Projektziele und Auswirkungen

Das Projekt trägt zu lokaler Ernährungssicherheit,  verbessertem Zugang zu sauberem Wasser und nachhaltiger Ressourcennutzung bei. Durch gemeinsame praktische Arbeit und Wissensaufbau wird sozialer Zusammenhalt gestärkt und ein friedliches, kooperatives Miteinander gefördert.

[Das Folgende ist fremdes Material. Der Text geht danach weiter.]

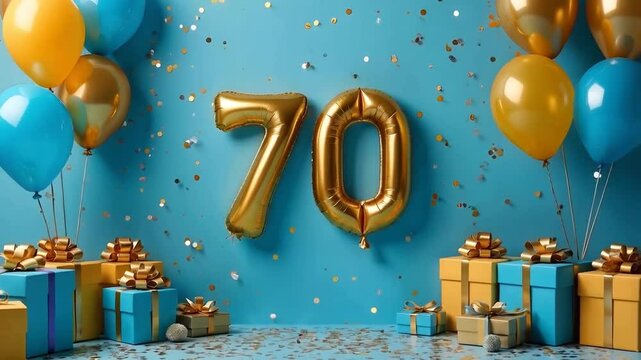 A blue and gold 70th birthday anniversary celebration with balloons and confetti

  • Bau eines solarbetriebenen Grundwasserbrunnens mit Wassertank
  • Bau einfacher Wasserfilter und Schulungen zu Wassersparen und Hygiene
  • Anlage eines 1-Hektar-Waldbiogartens nach agroforstlichen Prinzipien mit lokalen Nutz- und Baumarten.
  • Pflanzung von mindestens 200 Bäumen und Sträuchern (Fruchtbäume, Moringa, Schatten- und Nutzbäume) zur Förderung der Biodiversität und Klimaresilienz.
  • Ausbildung von 100 Jugendlichen in i) wassersparender Bewässerung und  Regenwassernutzun, ii) agroökologischer Anbaupraxis ohne chemische Pestizide oder Kunstdünger, iii) Bodenaufbau, Kompostierung und lokaler Saatgutgewinnung, iv) gemeinschaftlicher Projektarbeit und Verantwortungsübernahme
  • Einführung einer kleinen Hühnerhaltung

Projektdetails


Anzahl Begünstigte Trinkwasser: 1500 Personen

Projektdauer: 01.2026 – 12.2027


Organisation: Kene Elou Te


Beantragte Mittel via SES: 21’931 CHF


Empfehlung durch Aguasan:

Das Projekt beabsichtigt, mit einem bescheidenen Budget den Standort, an dem die NGO tätig ist, mit einem Trinkwasserbrunnen auszustatten, der aus dem Grundwasser gespeist wird. Es handelt sich um eine relevante Massnahme für die vielseitige lokale Projektarbeit der NGO.